Second, and whatever the pressures, he must be scrupulously fair on the BSkyB deal. Jeremy Hunt, the Culture Secretary, is rightly obsessed with due process, as he must be as he ponders this quasi-judicial decision. Legally, he can only form a judgment on “plurality” – that is, the variety and diversity of the media. But he is also obliged to consider every submission sent to him in the consultation process, which will now, for obvious reasons, take many months. Quite distinct from the Government, the media regulator Ofcom is clearly straining at the leash to judge whether News Corp remains “fit and proper” to own BSkyB. The whole deal hangs in the balance, in all its complexities. Yet the blunt political truth is that, if the takeover goes through, Cameron will pay a heavy political price.

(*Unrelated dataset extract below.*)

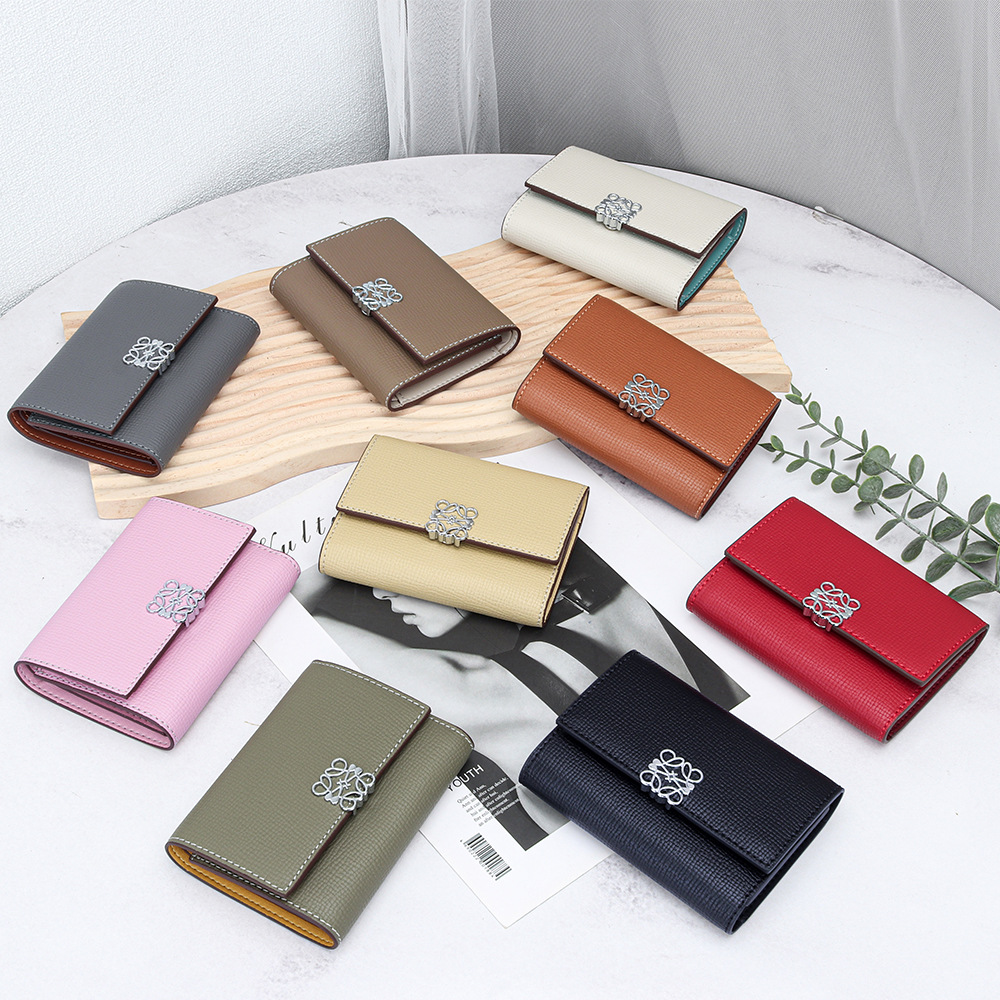 Leather Short Ladies Purse New Fashion Multi - Functional Folding Small Wallet Multi - Clip Leather Small Short Wallet 2026s hot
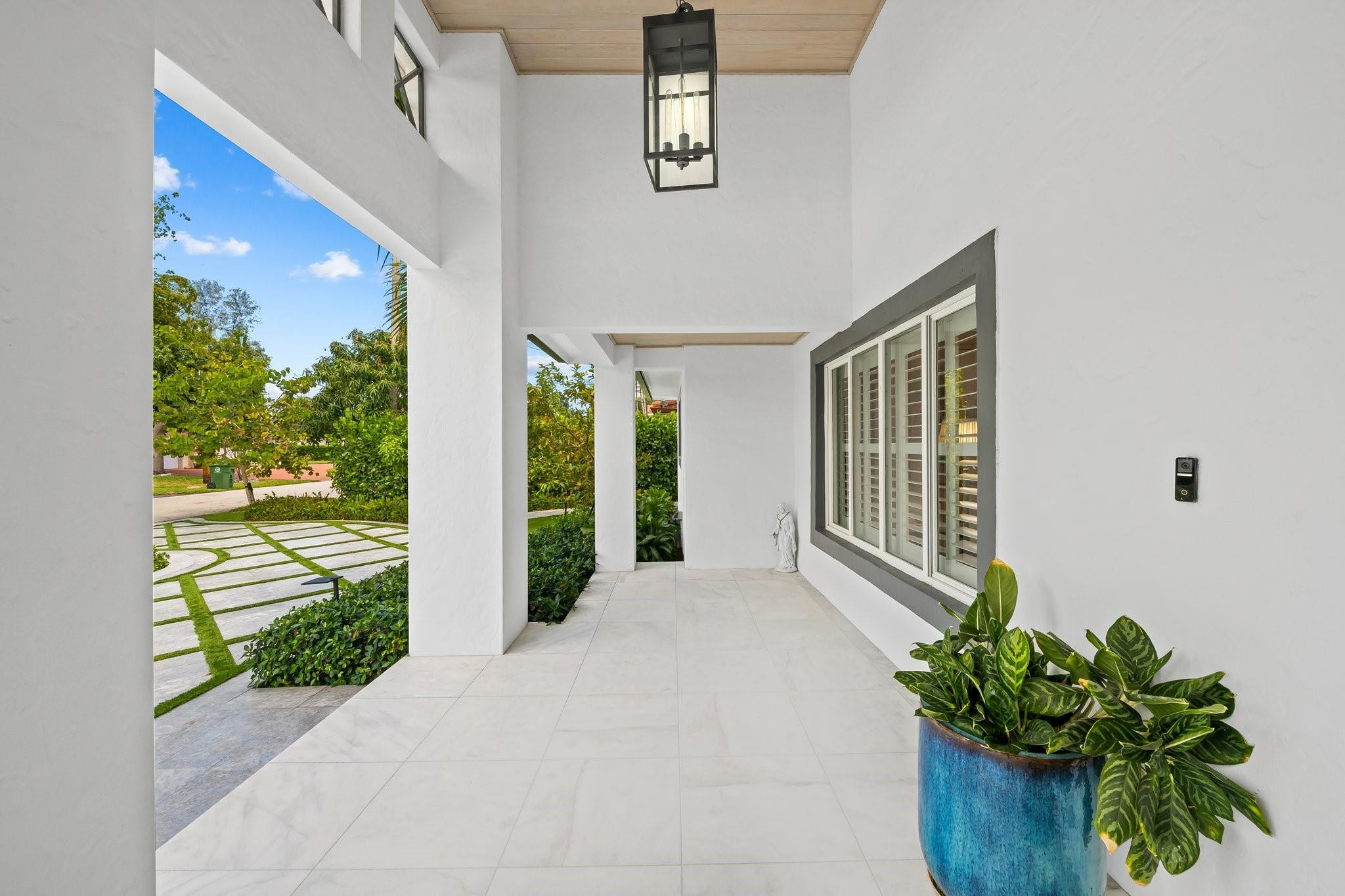 3300 NE 42nd Court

Third, the PM faces stern criticism this weekend and beyond over his decision to employ Mr Coulson. Does the hiring of the former News of the World editor show bad judgment? Some will say so: among them those who, in other contexts, are the most outspoken champions of “rehabilitation” and “second chances”. Mr Coulson has already had to resign twice, although by common consent he was a talented editor and a very capable director of communications in No 10. He has been arrested, but not, at the time of writing, charged; innocent, you may recall, until proven guilty.
This is indeed the PM’s greatest test to date, and one that will run and run. In the great political game, it is his very soul and personality that are on trial. Judgment matters, and it is inevitable that Cameron’s will be questioned. But let me be the one to say it: integrity and loyalty are important, too. And personally, I would rather have a Prime Minister who still calls his friend a friend when the going gets tough, than a craven leader who throws him to the wolves. In the ferocious days ahead, true leadership will be shown by those who can distinguish between morality and mob rule.